Jean-François Coatmeur, Ballet noir

Albin Michel 1999. 

 

Voici le livre à la composition rêvée pour les vacances, ou un week-end, ou un après-midi, à la plage. Dix-sept courts récits, de deux à une vingtaine de pages, de quoi lire quelques instants et se laisser aller à méditer un quart d'heure sur ce qu'on a lu. À condition d'aimer le contraste, de consentir à trouver dans la lecture de quoi ne pas oublier le monde dur qui continue à vivre autour de nous. Car chacune de ces histoires touche des vies humaines qui parviennent à un moment crucial, à un tournant, à un temps de déchirure ou de prise de conscience, et nous fait penser. Penser à la cruauté des choses, à l'infortune d'être mal aimé, à l'exclusion, à la sujétion. Cet ensemble de nouvelles nous offre autant de tranches de vie à l'instant de leur basculement, de leur passage dans une réalité nouvelle, qui sera juste évoquée, ou, mieux, suggérée. Le lecteur se trouve ensuite avec des solutions de rechange, parmi lesquelles il ne peut pas choisir la bonne, l'issue réelle. Qui, par exemple, a écrit cette lettre meurtrière sur le papier d'un médecin, avec sa signature, condamnant un malade, alors qu'il venait de déclarer à ce patient qu'il n'avait rien? alors qu'il était irrémédiablement atteint? L'épouse, le mari lui-même pour frapper l'épouse, le médecin rival malgré ses dénégations? Le fait de ne pas savoir, de ne jamais savoir, rend la fin de cette nouvelle, comme bien d'autres, touchante, désolée, prenante et tout à fait irritante. Certaines de ces nouvelles ont la matière d'un roman.

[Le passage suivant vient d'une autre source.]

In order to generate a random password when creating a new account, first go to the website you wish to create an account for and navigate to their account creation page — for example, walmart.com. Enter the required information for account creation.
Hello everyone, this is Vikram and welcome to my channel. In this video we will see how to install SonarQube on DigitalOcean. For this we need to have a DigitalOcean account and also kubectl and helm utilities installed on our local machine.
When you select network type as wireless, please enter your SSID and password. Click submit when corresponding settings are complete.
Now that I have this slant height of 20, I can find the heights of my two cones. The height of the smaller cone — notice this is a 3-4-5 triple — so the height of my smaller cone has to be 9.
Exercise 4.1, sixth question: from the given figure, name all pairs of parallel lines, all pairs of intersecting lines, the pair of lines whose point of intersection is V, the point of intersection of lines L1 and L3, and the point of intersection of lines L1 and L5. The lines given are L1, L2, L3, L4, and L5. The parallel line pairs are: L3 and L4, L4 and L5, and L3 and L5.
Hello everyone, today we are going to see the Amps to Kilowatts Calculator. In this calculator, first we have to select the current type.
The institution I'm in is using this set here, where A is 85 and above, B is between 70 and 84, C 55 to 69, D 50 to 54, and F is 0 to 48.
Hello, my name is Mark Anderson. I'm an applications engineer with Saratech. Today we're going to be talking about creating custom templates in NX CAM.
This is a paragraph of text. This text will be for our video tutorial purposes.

Coatmeur est un vieux routier, qui pratique l'intrigue policière avec la coloration de la tragédie balzacienne. Ses personnages ne nous sont jamais indifférents, ils nous sont proches, nous touchent : des
enfants victimes, infirmes et vengeurs, des couples qui se haïssent en silence, des personnages dépossédés de leurs biens et oubliés en maisons de retraite, la vie ordinaire. Il a l'art de rendre anodins les plus noirs desseins des hommes, de nous rendre émouvants les aléas de leurs machinations si bien combinées. L'assassinat y côtoie la tendresse. Les visages du crime se dévoilent, la mort est représentée sous ses aspects les plus terrifiants. On passe subitement du crime innocent d'un enfant à la terrible machination d'un assassin, mais il y a souvent, dans le fait de donner la mort, l'impuissance d'aimer ou l'espérance d'un amour meilleur.

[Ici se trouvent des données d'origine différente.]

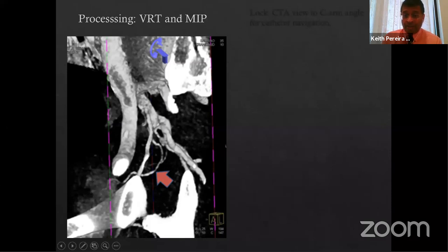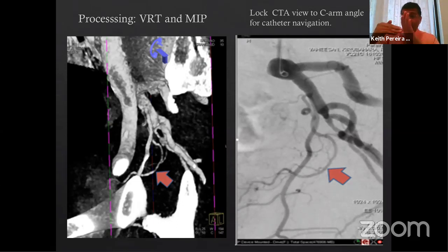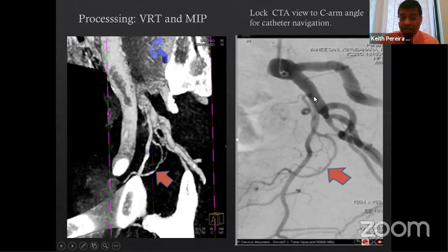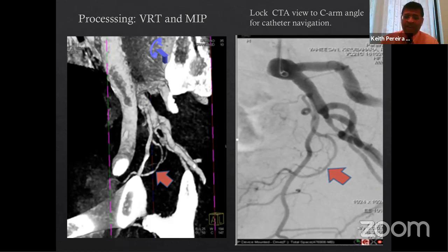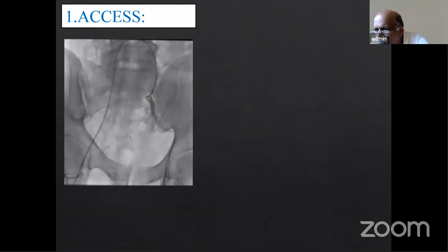We lock the CTA with the C-arm angle — based on the angle from the CTA, we know the exact angle needed to see the origin of the prostatic artery during fluoroscopy. I learned this from Dr. Pisco's group in Portugal; they do this for every case, even after 1,700 cases — same routine. It's important to follow this protocol consistently to be successful. For access, I'll cover a few steps: I'm a big radial advocate for many procedures.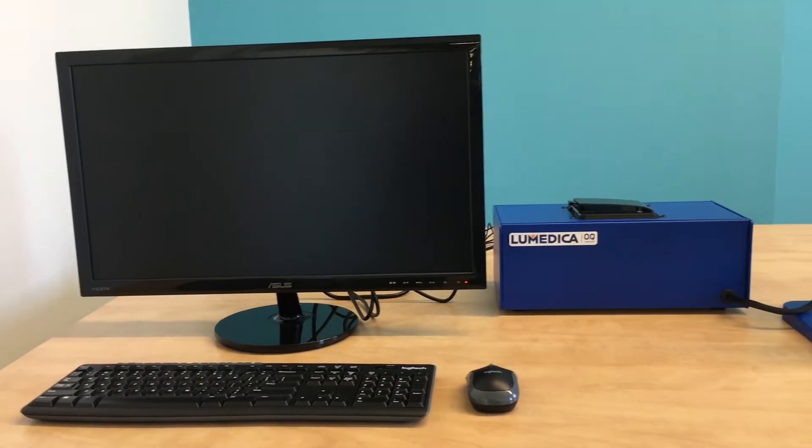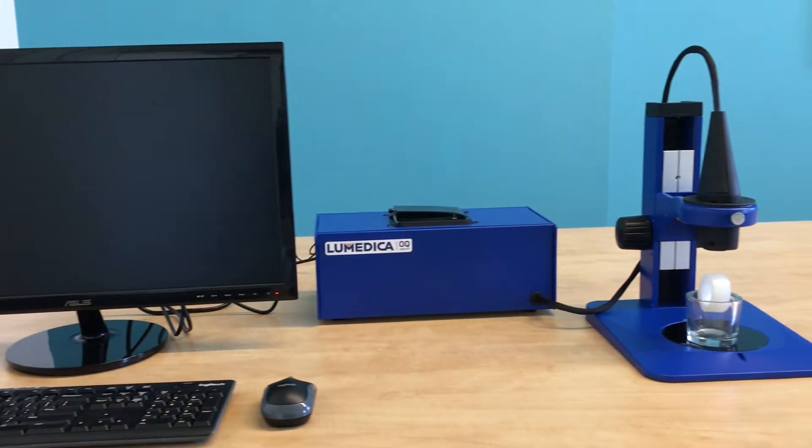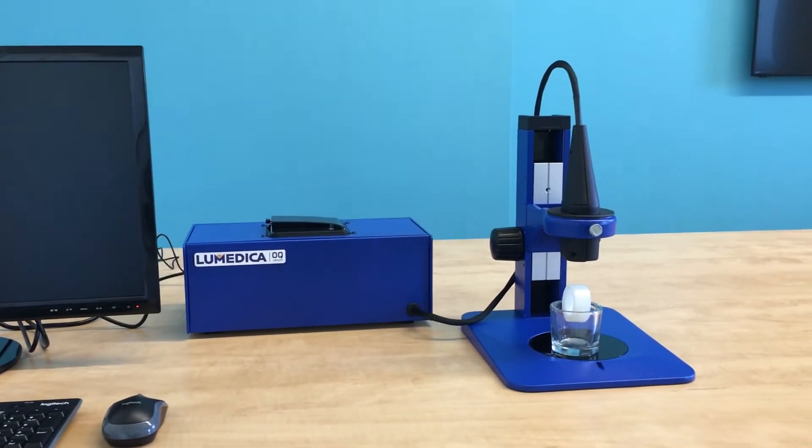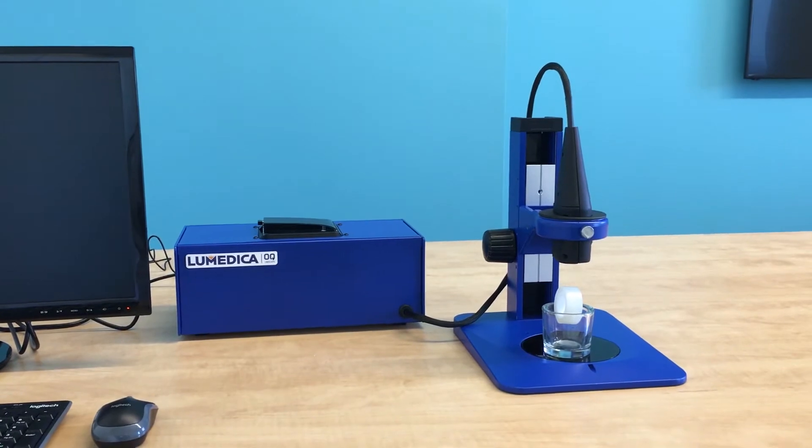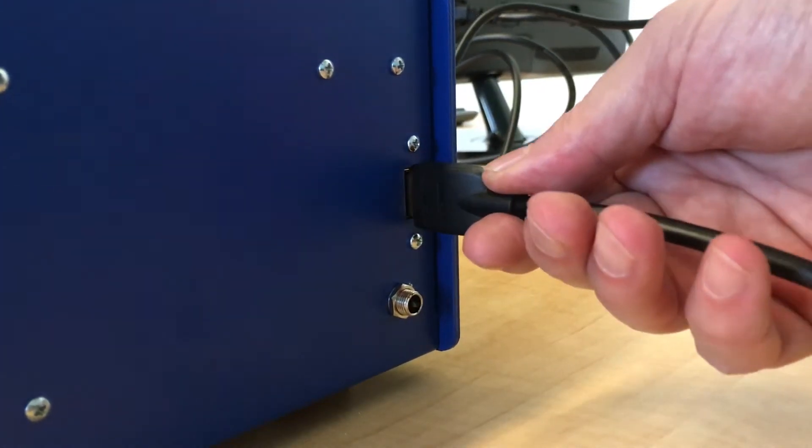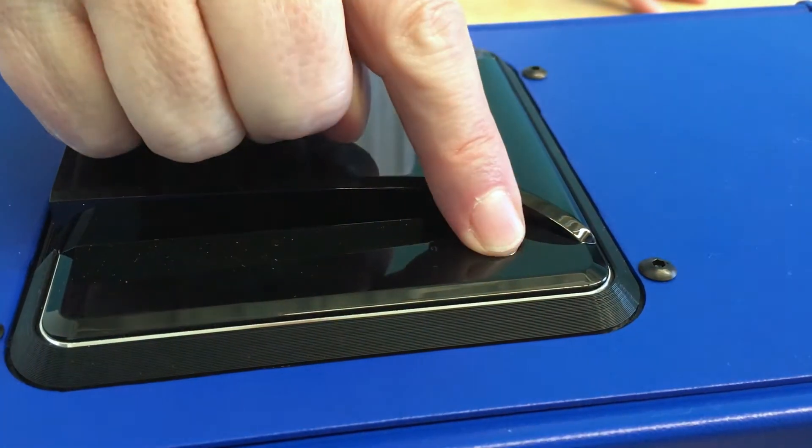The OQ Labscope ships complete for under $10,000. To be clear, that's a whole OCT system. You get the optical engine and an integrated Windows bootable computer. Right out of the box, all you have to do is plug in a cable, push the button, and you boot it up just like a regular computer.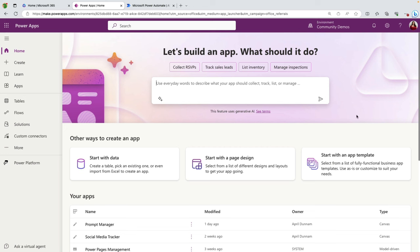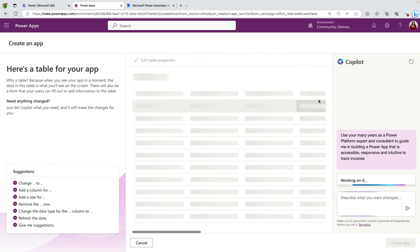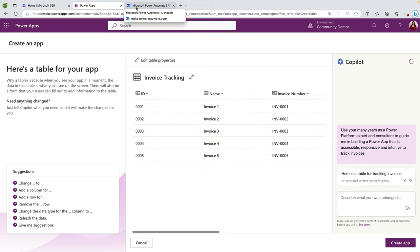The second tip is to provide context. Some of these copilots might not have memory of your past conversations, so if you're looking for a continuation or deeper insights, provide some recap or background. Sometimes I use this to tell the copilot how I want it to act. So if I'm wanting to get ideas on building a Power App, I might put in a prompt like: 'I want you to use your many years of experience as a Power Platform expert and consultant to guide me in creating a Power App that's accessible, responsive, and intuitive to track invoices.'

Dans ces nouvelles, on retrouve la «patte» de Coatmeur, l'atmosphère lourde, trouble et en même temps feutrée et inquiétante de ses romans, le suspense qui les tient de bout en bout. Si on rencontre à chaque instant l'angoisse, le chagrin, la fin tragique, on ne trouve pourtant rien de sinistre, de sordide ou de décourageant dans ces nouvelles, au ton toujours juste qui, si elles ne peignent pas le bon côté de la nature humaine, sont toujours empreintes de l'humanité généreuse de cet auteur pudique, intimiste et prenant.

La quatrième de couverture :
Ballet noir, c'est l'histoire d'Evelyne, la petite fiancée qui n'aura jamais quinze ans, de Grégori, le tueur à gages touché par la Grâce, de ces deux adolescents rebelles qui avaient rendez-vous avec la mort, du Maître du Feu et de sa rencontre avec l'enfant-vieux, de Chapoutte, le prof chahuté qui faillit croire au Père Noël, celle encore...
Ballet noir, dix-sept variations sur le temps comme il va, un temps peuplé de gosses mal aimés, de destins saccagés, d'exclus. De victimes. On s'y ment, on s'y déchire, on y souffre, et l'Ange trop souvent y côtoie la Bête. Tableau cruel, où l'humour trace son sillon noir ou gris, tout imprégné pourtant de tendresse, aussi terrible que puisse en être parfois l'expression, et il arrive que la machination la plus perverse, miraculeusement, aboutisse à l'amour...
De l'énigme au suspense, du portrait au couteau à la scène d'action ou à la peinture d'atmosphère, dix-sept figures contrastées, cocasses ou douloureuses, de la tragi-comédie humaine, par Jean-François Coatmeur, Grand Prix de la Littérature policière.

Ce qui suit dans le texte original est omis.